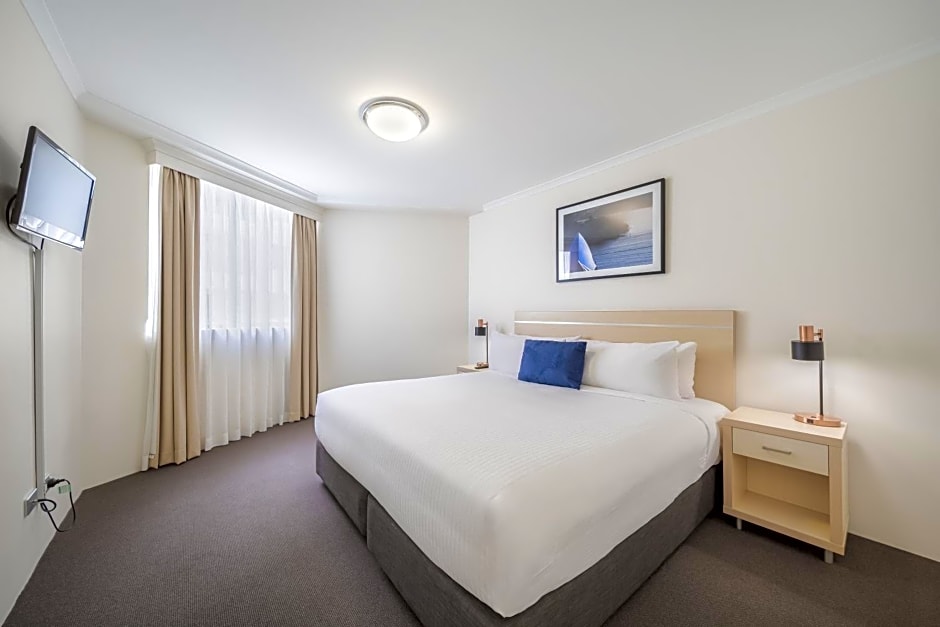 Oaks Sydney Castlereagh Suites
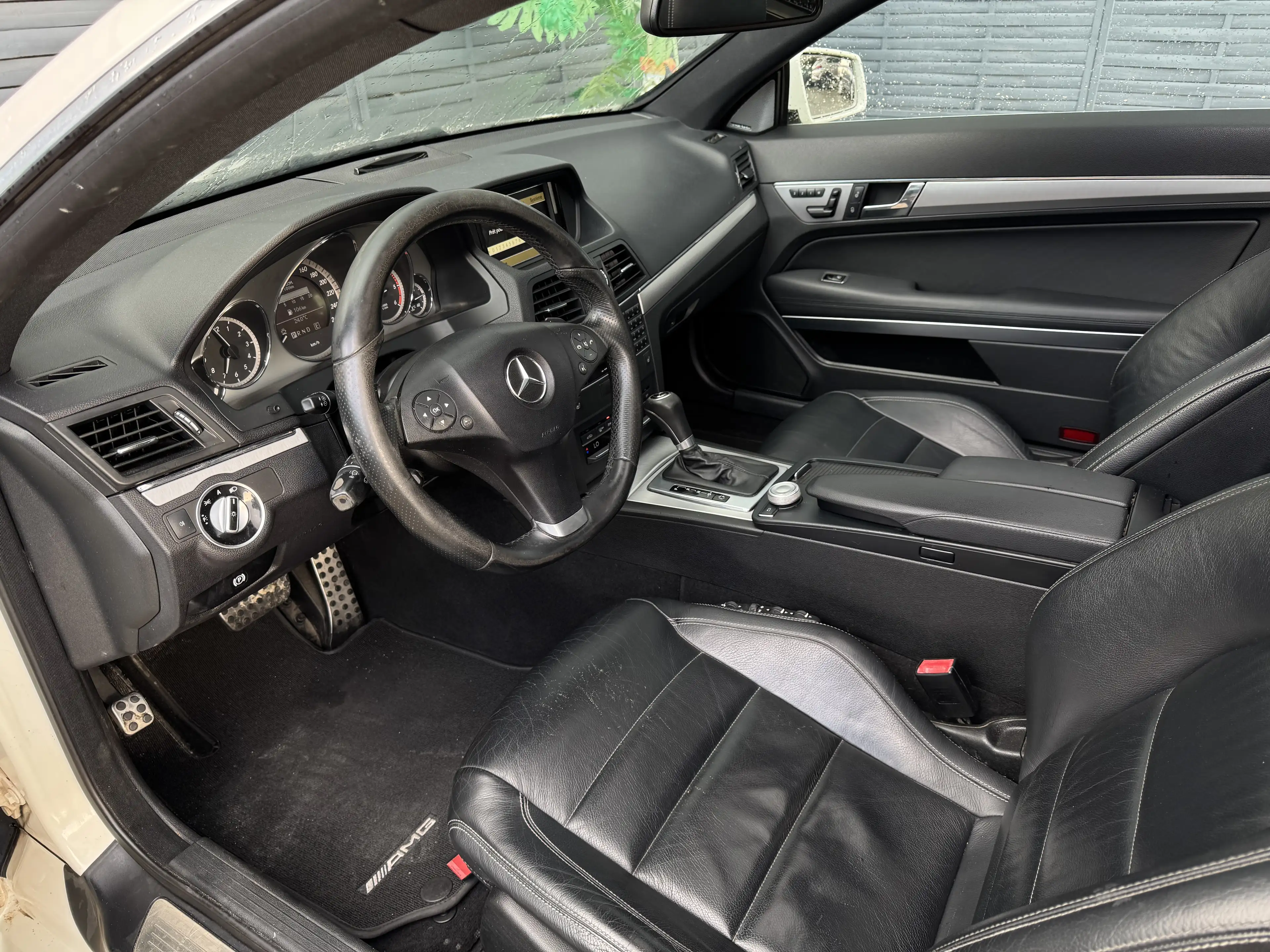 Mercedes-Benz E 250 COUPE E 250 CDI BE Elegance Start/Stop — photo 9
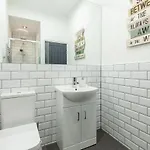 Park House - Large 3 Bedroom Victorian House, 10 Mins From *
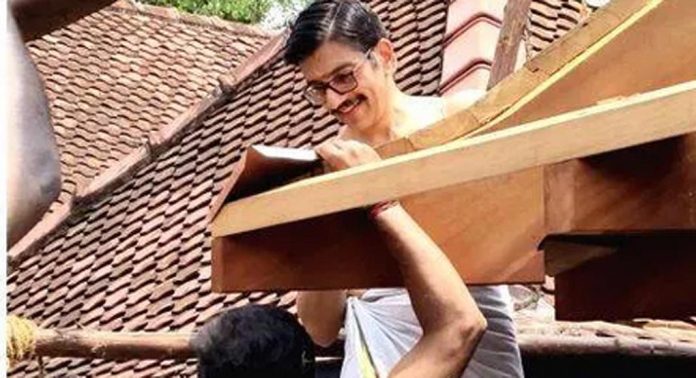 തൃക്കോവിൽ ശ്രീപത്മനാഭസ്വാമി ക്ഷേത്രത്തിന്റെ ശ്രീകോവിലിന് മുകൾ വശം ചെമ്പ് മേയൽ തുടങ്ങി തൃക്കോവിൽ ശ്രീപത്മനാഭസ്വാമി ക്ഷേത്രത്തിന്റെ ശ്രീകോവിലിന് മുകൾ വശം ചെമ്പ് മേയൽ തുടങ്ങി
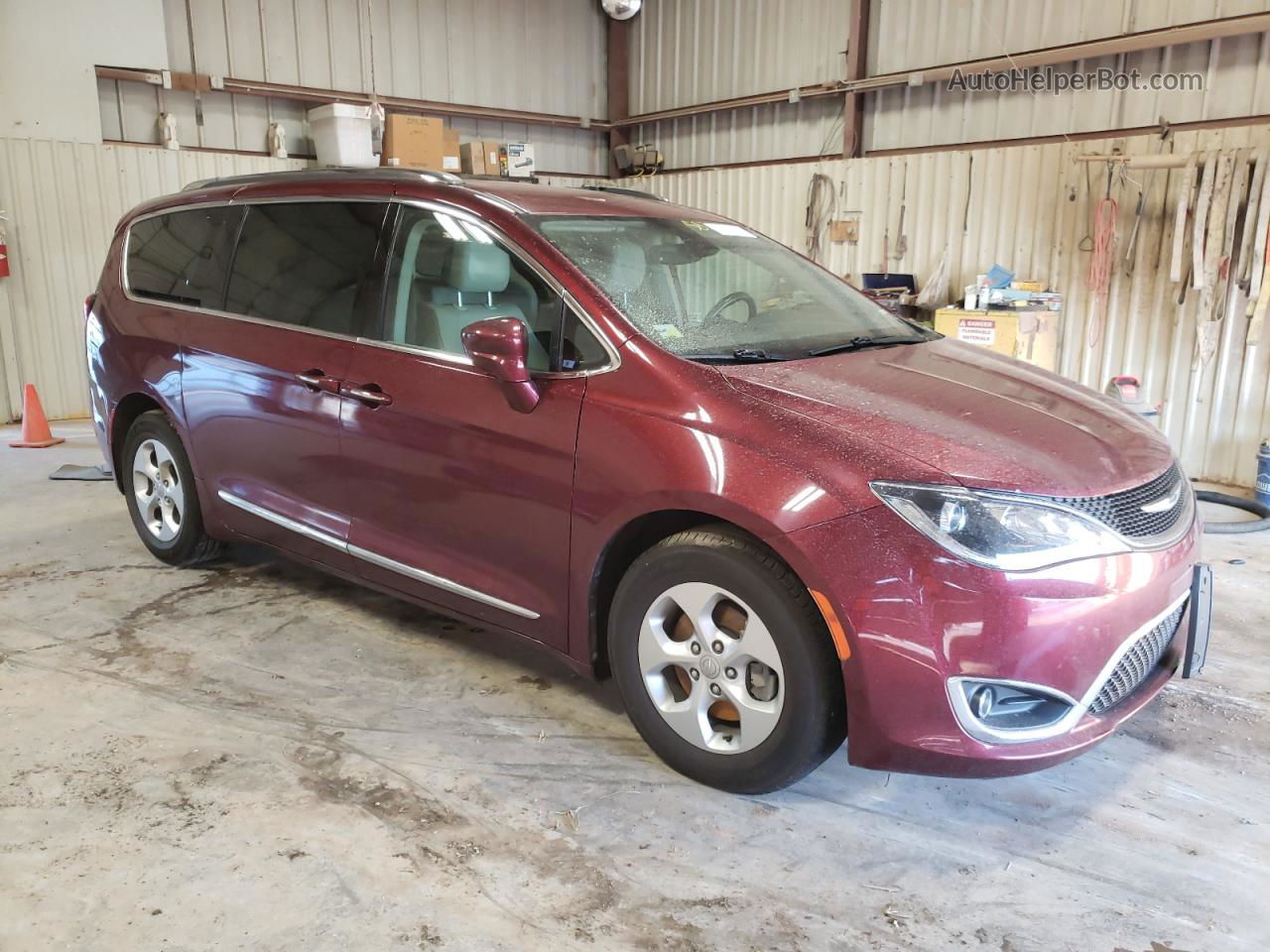 2017 Chrysler Pacifica Touring L Plus Red vin: 2C4RC1EGXHR541987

########################################

Your instructions. This calls for an exact copy of all the entries above, with the pictures omitted.

Final answer.
 Oaks Sydney Castlereagh Suites
 Mercedes-Benz E 250 COUPE E 250 CDI BE Elegance Start/Stop — photo 9
 Park House - Large 3 Bedroom Victorian House, 10 Mins From *
 തൃക്കോവിൽ ശ്രീപത്മനാഭസ്വാമി ക്ഷേത്രത്തിന്റെ ശ്രീകോവിലിന് മുകൾ വശം ചെമ്പ് മേയൽ തുടങ്ങി തൃക്കോവിൽ ശ്രീപത്മനാഭസ്വാമി ക്ഷേത്രത്തിന്റെ ശ്രീകോവിലിന് മുകൾ വശം ചെമ്പ് മേയൽ തുടങ്ങി
 2017 Chrysler Pacifica Touring L Plus Red vin: 2C4RC1EGXHR541987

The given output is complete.